Collected material -
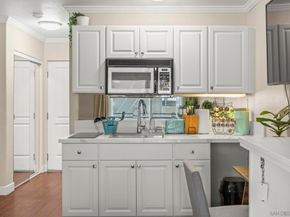 1021 Scott St 103, San Diego CA 92106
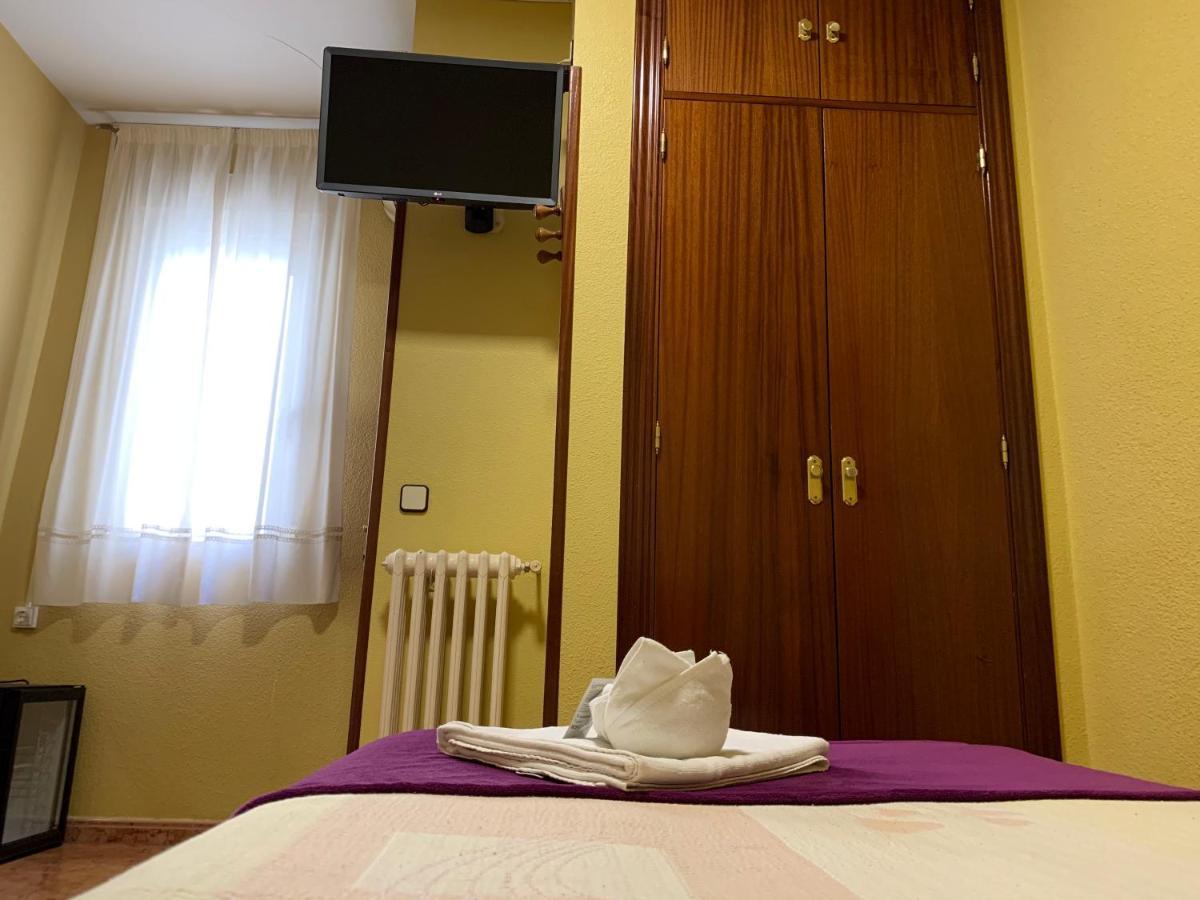 Hostal Internacional Madrid Ngoại thất bức ảnh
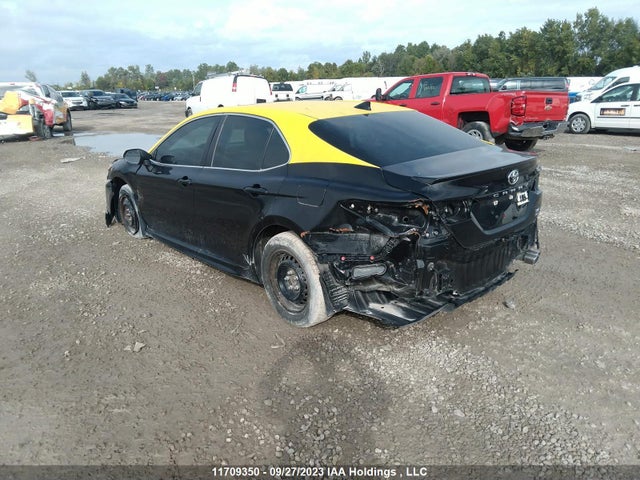 Toyota CAMRY 2018 4T1B11HK5JU630071 Image 3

Work order - Your copy of the material above should be exact and free of pictures.

Written solution -
 1021 Scott St 103, San Diego CA 92106
 Hostal Internacional Madrid Ngoại thất bức ảnh
 Toyota CAMRY 2018 4T1B11HK5JU630071 Image 3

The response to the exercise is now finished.